Immigrants juifs renvoyés à leur point de départ

            Les violences s’amplifièrent forçant les Anglais en 1939 à promettre aux Arabes l’indépendance sous 10 ans, à interdire la vente de terres aux Juifs, à limiter l’alyah au moment même où les Juifs étaient persécutés en Europe. Ce sera alors l’épopée des immigrations clandestines et de la radicalisation de l’Irgoun qui profita du déclenchement de la deuxième Guerre Mondiale pour intensifier ses actions contre les Anglais et les Arabes poussant d’ailleurs Al-Husseini à trouver refuge au sein des forces nazies en soulevant les Musulmans des Balkans contre les Alliés.

Deuxième occasion ratée

            Le Royaume-Uni avait décidé d'imposer sa loi. Les trois-quarts du territoire avaient été attribués en 1921 au Royaume de Transjordanie. Le quart restant était confié à l’ONU, chargée de trouver une solution de partage. Un nouveau plan, établi en 1947 et différent de celui de Peel, sera lui aussi voué au même avenir négatif. Les Juifs l’acceptèrent tandis que les Arabes, à nouveau, le refusèrent malgré la décision unanime de l’Assemblée générale de l’ONU qui vota le partage le 29 novembre 1947.
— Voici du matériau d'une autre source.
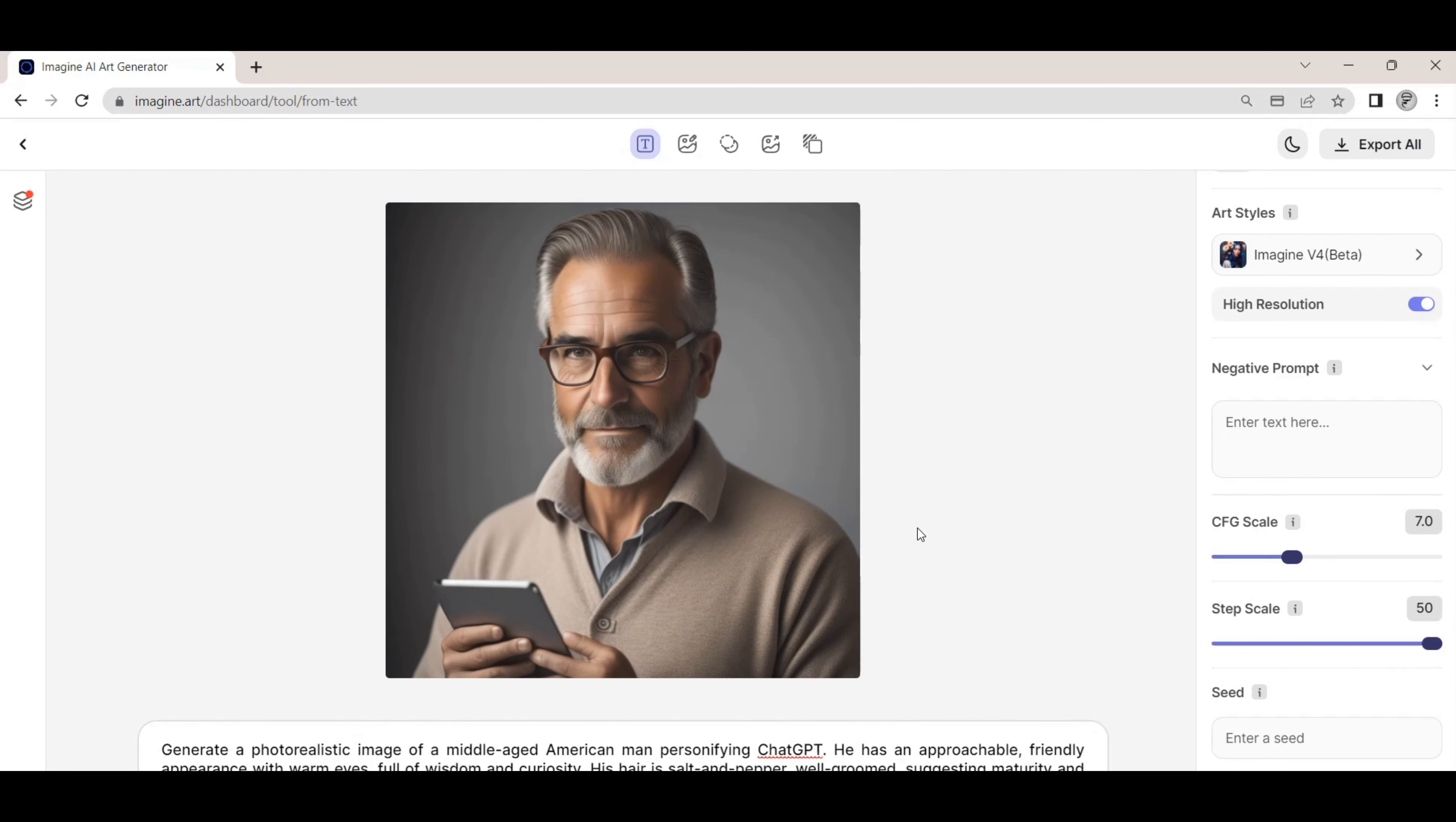The text to image feature found at imagine.art is a great tool to generate realistic portrait images and we highly recommend you check it out. Like this video and subscribe to the Skills AI Level Up channel to see more videos like this one to level up your AI skills.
            Les Anglais préparèrent leur départ alors qu’un nouveau chef arabe était désigné, Abd al-Kader Al-Husseini, pour organiser les affrontements armés et prendre la tête des forces arabes sous l’œil désintéressé des Britanniques qui assistaient au déclenchement de la guerre civile entre Juifs et Arabes. En leur for intérieur les Anglais, qui cherchaient à étendre leurs relations économiques et à maintenir leur influence dans les pays arabes, jouèrent la carte de la défaite des Juifs à laquelle ils étaient convaincus en raison du déséquilibre des forces en présence. La première guerre israélo-arabe devait commencer à la fin de 1947.